Rawlinson, 28, is set to compete in her first race since mid-2009 when she takes to the track at the Perth Track Classic at the WA Athletics Stadium on Thursday and Friday.
It will also be her first race on home soil since winning a gold medal in the 400m hurdles at the Melbourne Commonwealth Games in 2006.
Rawlinson has battled a number of serious foot injuries since claiming her second world crown in Osaka in 2007 and all eyes will be on her as she begins her quest to qualify for next year’s London Olympics.
Pearson, who finished second in the 100m hurdles at the Beijing Games in 2008, said Rawlinson’s return was a major boost for the local athletics scene.
“She is one of our best Australian athletes, she’s a two-time world champion and we don’t have many of them, especially in athletics,” Pearson said.
“It’s really great to see someone who can be such a great role model for our younger athletes.
“I have no idea (how she will go). I’m just excited to see how her on the blocks and I think it’s just exciting for her to be out there on the track racing again.”
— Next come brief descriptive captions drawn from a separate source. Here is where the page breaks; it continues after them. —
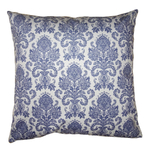 Наволочка декоративная "Голубые узоры" 45x45см полиэстр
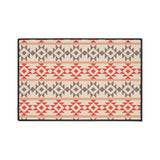 Aztec Peach Non-Slip Rug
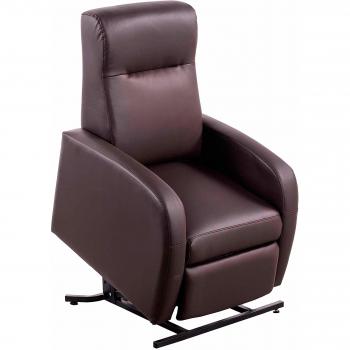 Adec - Trade, Sillon de Descanso, Sillon Reclinable, Levantapersonas, Color Chocolate, Medidas: 70 cm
Pearson, meanwhile, will compete in his first hurdles event since last year’s Commonwealth Games in Delhi when she races on Thursday night.
The 24-year-old Queenslander decided two weeks ago to run in the 100m hurdles in Perth after convincing herself she was over the back problems that have troubled her in previous years.
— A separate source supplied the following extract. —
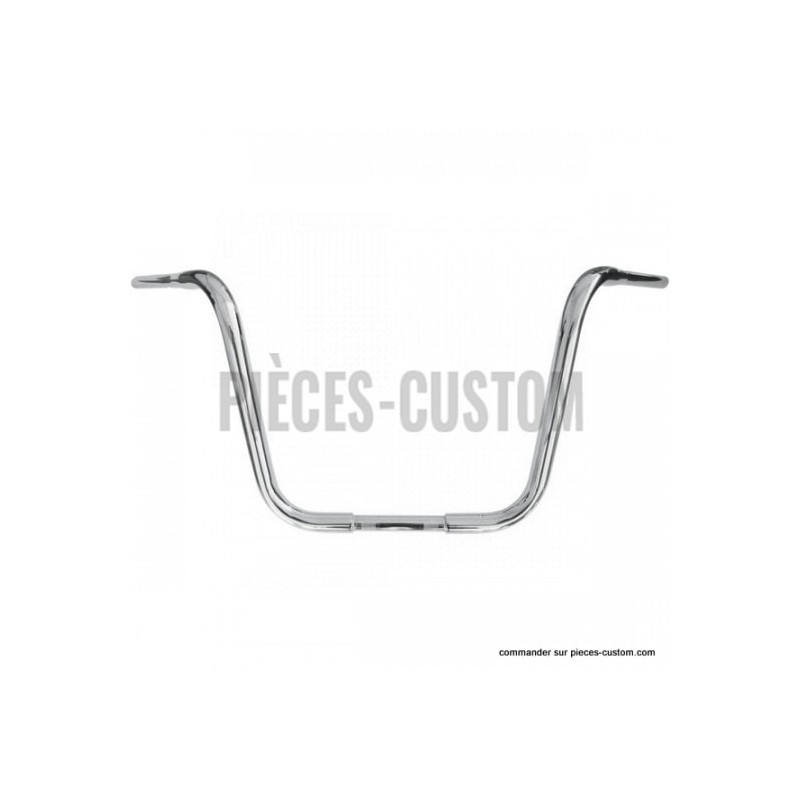 Guidon-Ape-Hanger-de-14-pouces-chromé-pour-FLHR-de-2008-à-2022-ref-06012736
Perth’s weather and the athlete-friendly design of WA’s new stadium were also major factors in her decision to compete in her pet event.
“It will show us how quickly it takes me to get back into the swing of things with hurdles and that will help for future training and competitions along the way,” Pearson said.
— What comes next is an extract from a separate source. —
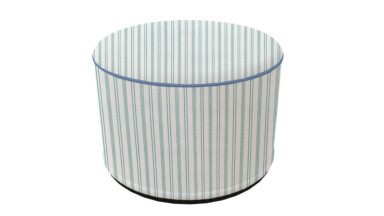 Laura Ashley Shirting Stripe Outdoor Pouffe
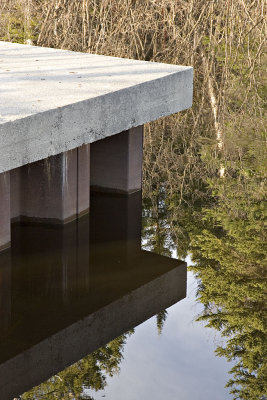 Structure in Butler Creek just above dam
“Obviously hurdles is still my pet event and I love it. I would like to be able to do it all the time, every single day of the year, but it does impact on my back.
“But my back has been really strong of late and I’ve had no setbacks or interruptions this whole season so we decided to give it a go.”
Pearson, who will also run in the 100m and 200m events, will complete a sprint-based warm-up prior to her hurdles race to minimise the chance of injury.
Athletes from all disciplines will be vying for the $10,000 bonus cheque at the meet, which is the final leg of five-stage tour around the country.
World championships bronze medallist Mitchell Watt, who shares a healthy rivalry with compatriot Fabrice Lapierre, is a big chance to claim that prize and is looking to break Jai Taurima’s Australian record of 8.49m.
“At the start of the season I wasn’t really thinking about that, just because I was more focused on my groin (injury) and getting the distances out there,” Watt said.
“I’ve got a pretty big lead on that prize now so hopefully I’ll keep it.
“I’ve had a couple of jumps around 8.30m this season, but I’ve also had one jump under 8.00m.
“I think once I start jumping 8.30m or 8.40m each week, that’s when the big ones will come.”